§ Your task: Without the pictures, copy the entries below word for word.

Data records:

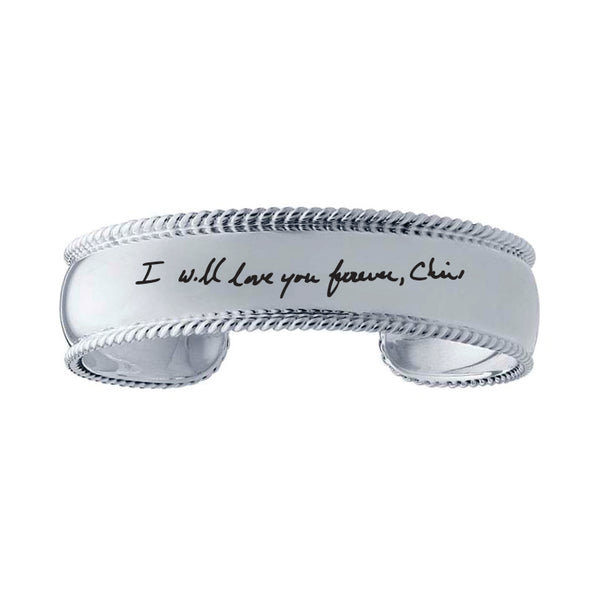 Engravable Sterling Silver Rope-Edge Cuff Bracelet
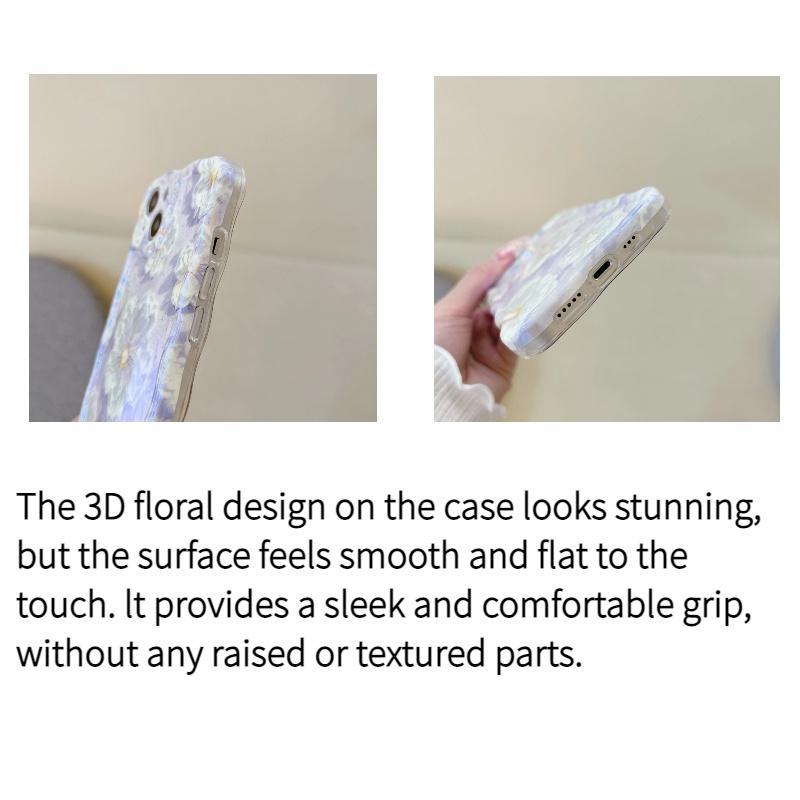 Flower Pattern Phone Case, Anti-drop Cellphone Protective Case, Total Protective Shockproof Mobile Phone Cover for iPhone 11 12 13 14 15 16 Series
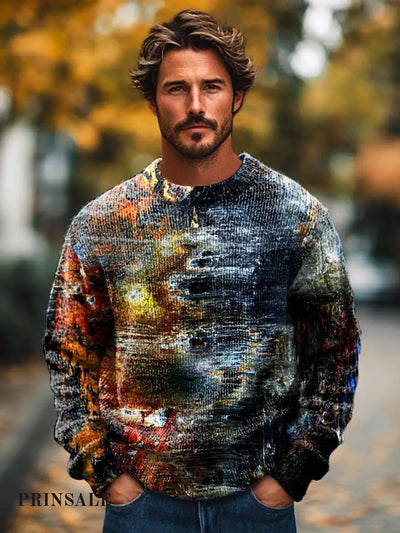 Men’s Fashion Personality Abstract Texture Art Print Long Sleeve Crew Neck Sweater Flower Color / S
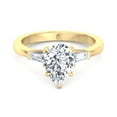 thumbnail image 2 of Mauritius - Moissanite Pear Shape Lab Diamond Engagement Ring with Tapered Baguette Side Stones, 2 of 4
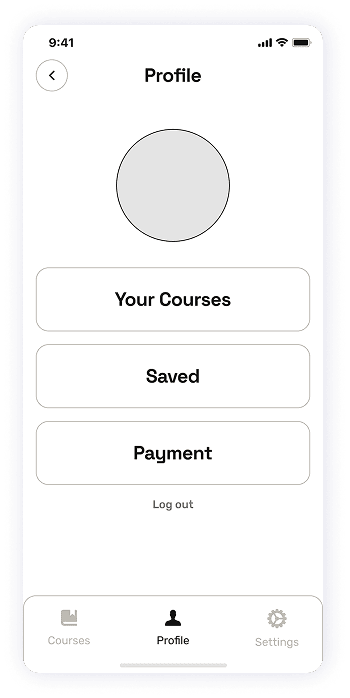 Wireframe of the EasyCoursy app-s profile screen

§ Finished task:
 Engravable Sterling Silver Rope-Edge Cuff Bracelet
 Flower Pattern Phone Case, Anti-drop Cellphone Protective Case, Total Protective Shockproof Mobile Phone Cover for iPhone 11 12 13 14 15 16 Series
 Men’s Fashion Personality Abstract Texture Art Print Long Sleeve Crew Neck Sweater Flower Color / S
 thumbnail image 2 of Mauritius - Moissanite Pear Shape Lab Diamond Engagement Ring with Tapered Baguette Side Stones, 2 of 4
 Wireframe of the EasyCoursy app-s profile screen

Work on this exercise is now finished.